(Supplied records):
####################

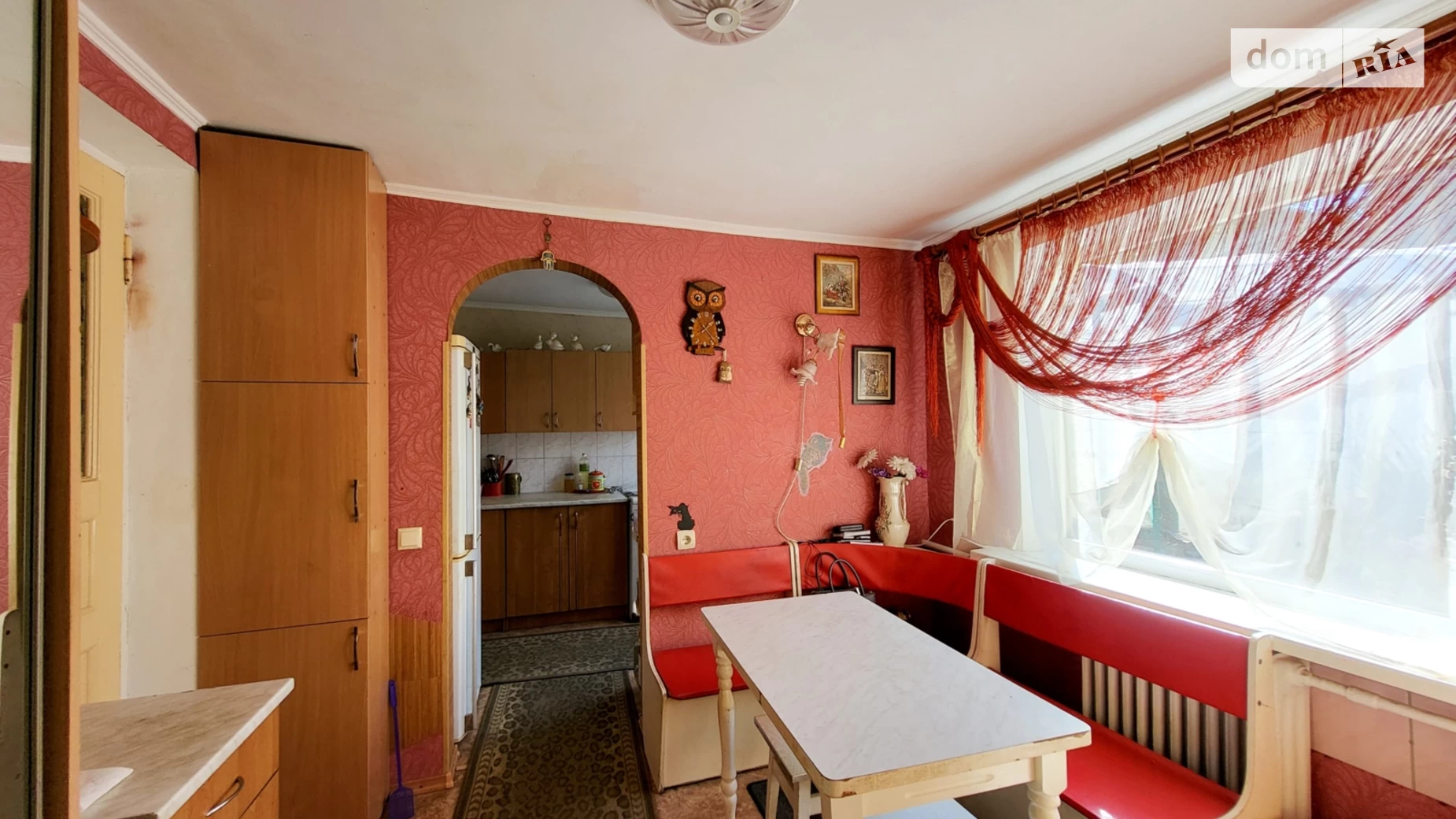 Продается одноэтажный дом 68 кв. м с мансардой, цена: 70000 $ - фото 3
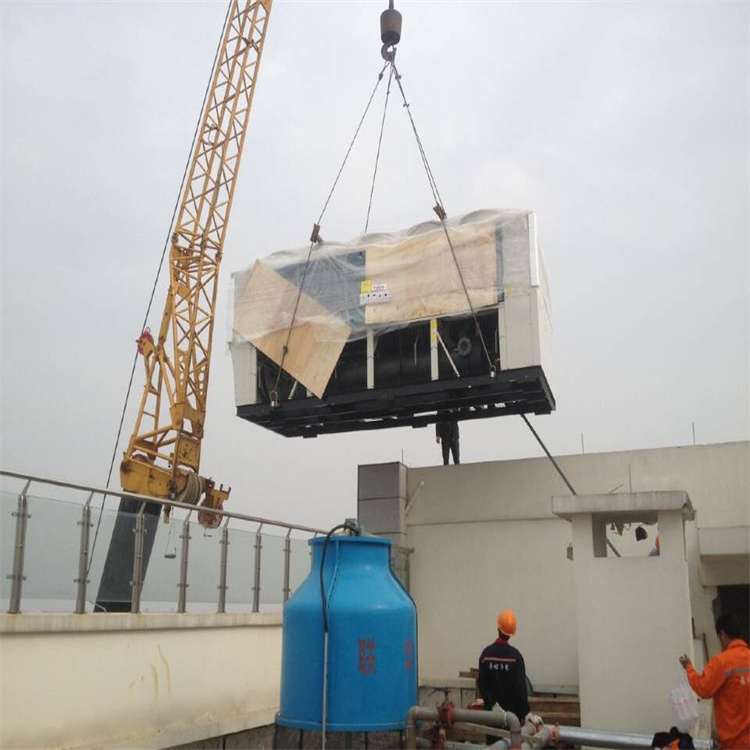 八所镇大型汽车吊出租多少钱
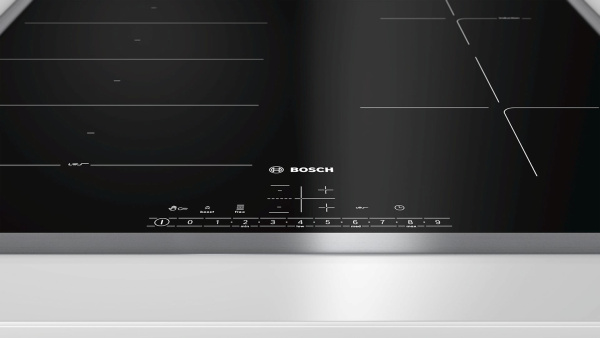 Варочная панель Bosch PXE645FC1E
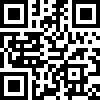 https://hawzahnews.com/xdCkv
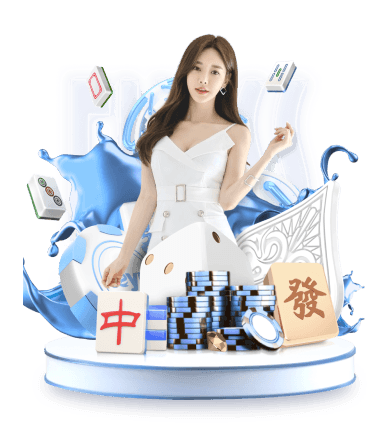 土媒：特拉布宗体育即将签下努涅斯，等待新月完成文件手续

####################

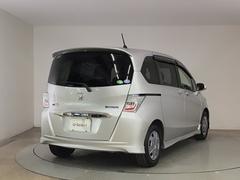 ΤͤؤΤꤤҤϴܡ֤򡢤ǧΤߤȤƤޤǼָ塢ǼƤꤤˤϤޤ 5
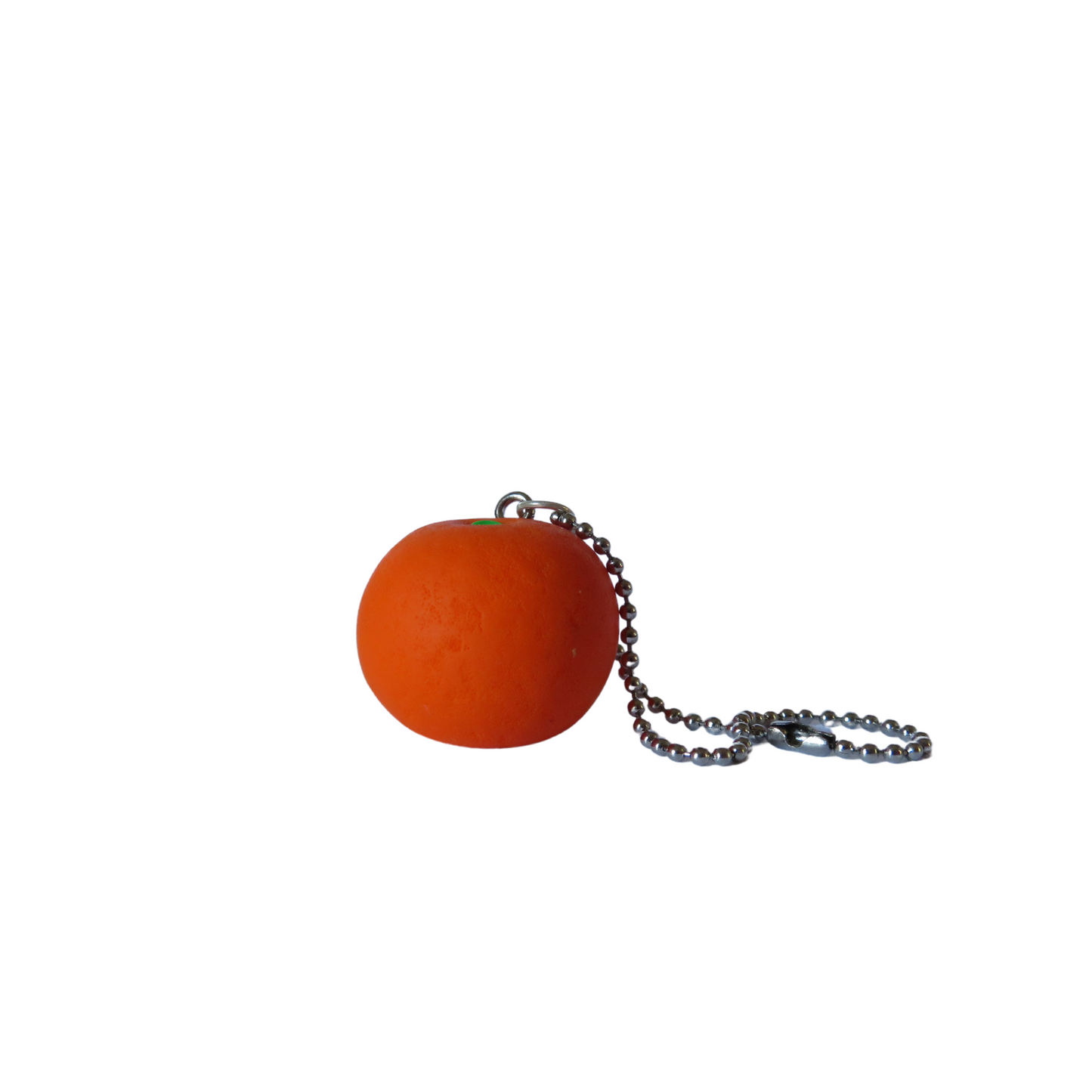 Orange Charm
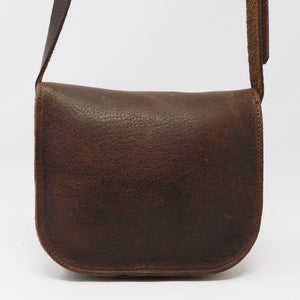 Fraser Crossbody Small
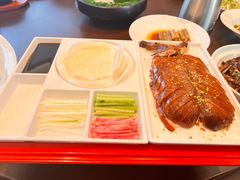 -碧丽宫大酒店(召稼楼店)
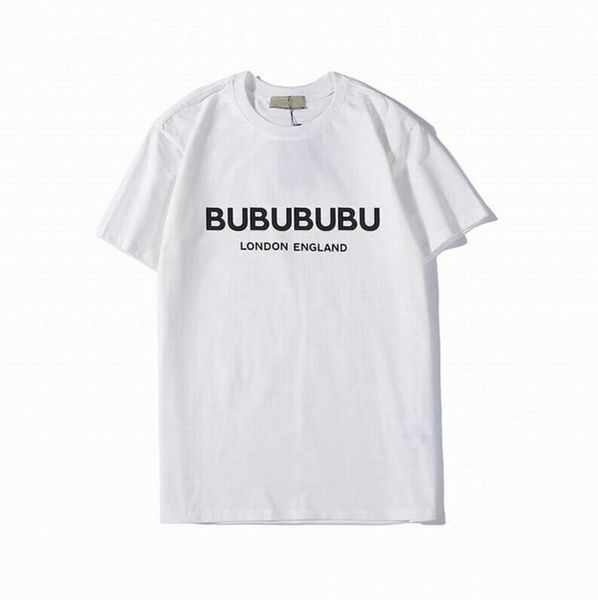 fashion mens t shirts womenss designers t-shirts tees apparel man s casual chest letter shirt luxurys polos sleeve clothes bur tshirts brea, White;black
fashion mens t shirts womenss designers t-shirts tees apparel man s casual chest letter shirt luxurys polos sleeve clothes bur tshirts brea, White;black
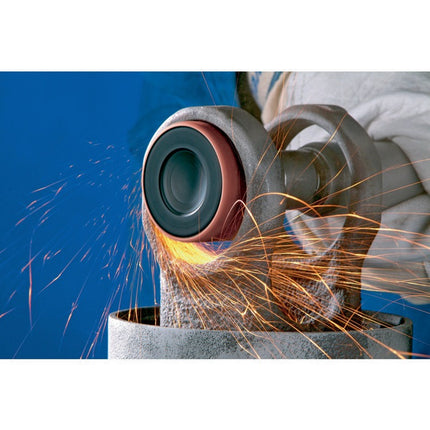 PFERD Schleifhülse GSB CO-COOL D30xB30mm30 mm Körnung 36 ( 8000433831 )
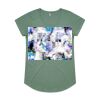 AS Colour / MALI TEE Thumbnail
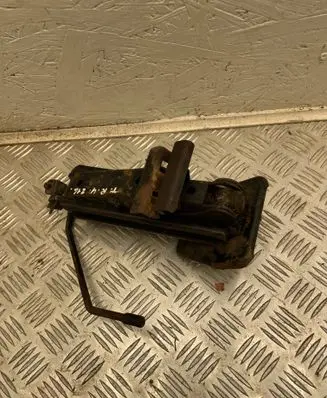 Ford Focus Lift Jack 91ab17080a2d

####################

(What you are asked to do):
Output exactly those lines of the data above that run from the line with "Продается одноэтажный дом" up to and including the line with "土媒：特拉布宗体育即将签下努涅斯，等待新月完成文件手续". No pictures go in.

(Task output):
 Продается одноэтажный дом 68 кв. м с мансардой, цена: 70000 $ - фото 3
 八所镇大型汽车吊出租多少钱
 Варочная панель Bosch PXE645FC1E
 https://hawzahnews.com/xdCkv
 土媒：特拉布宗体育即将签下努涅斯，等待新月完成文件手续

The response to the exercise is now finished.